Fast forward just over 10 months: happily ever after is not looking so very rosy anymore! Grant has on one notable occasion come home from a work function a tad more than tiddly....shock, horror ;-) I have realised that having to cook a meal every night, after a long day on my feet at work, is not much fun at all; particularly when the sight of red meat turns my stomach! I am pregnant and to say things are not going well, would be something of an understatement. We also just happen to be as poor as a couple of scrawny church mice. Read between the lines...... no fancy meals in romantic restaurants, gazing into one another's eyes. Oh dear!
The truth of the matter is that love, marriage and my "happy ending" turned out nothing like I expected. Life threw some very unexpected curve balls at Grant and I, we have never been particularly well off financially, we have dealt with a premature baby, job loss, infertility, two traumatic ectopic precnancies, the loss of my brother and for nearly 3 years we actually lived on separate continents. Things like this put strain on a marriage. We have not lived happily ever after, truly, we haven't.
But out of all of this we have crafted a life for ourselves that we feel comfortable with. It has taken many years and at times I have felt sadly disillusioned, but I am not that naive little girl anymore, I have matured and with that has come the understanding that we are the authors of our own happy endings.

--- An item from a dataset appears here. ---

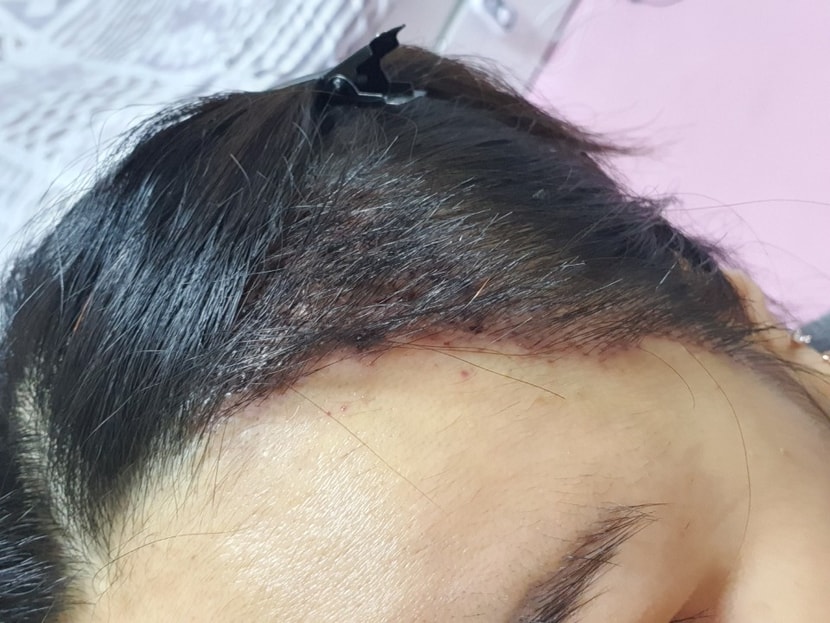 수술 2일차 2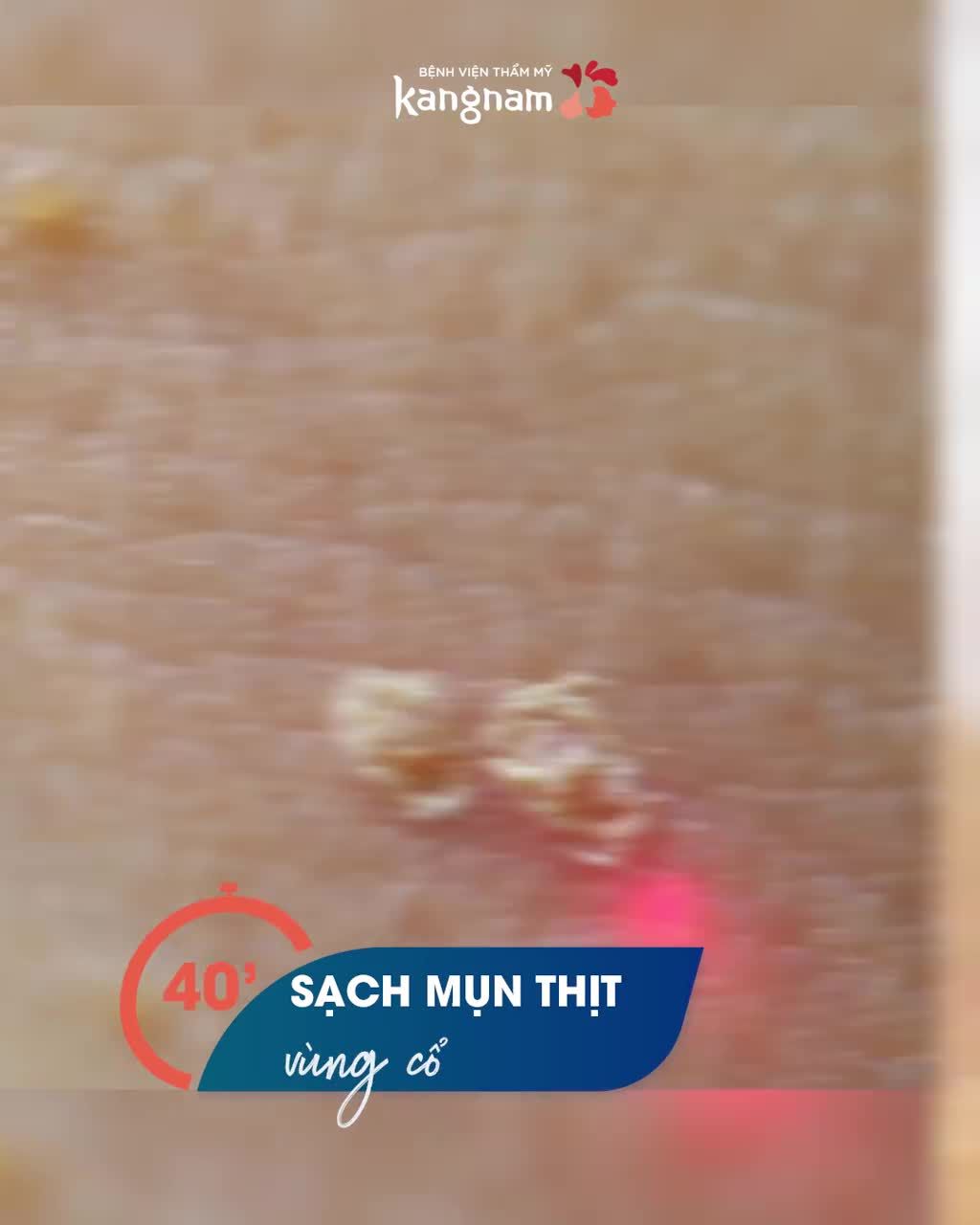 MỤN THỊT VÙNG NÀO TRỊ DỨT ĐIỂM VÙNG ĐẤY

Life is not all roses and bliss. Life frequently sucks, to be frank. What matters is how we deal with the bad times. Do we allow them to shape us into something better than what we were before, or do we crumple under the pressure and stay down. Believe me there have been times when I have stayed down for a while! But eventually I have pulled myself up from rock bottom and determinedly carried on. The bottom line is I am striving to make my life something good. I am seeking out happiness every single day. Who cares about the ending, I'm not looking for a happy ending! I want to be happy today and tomorrow and for the forseeable future and only I have the power to make that happen.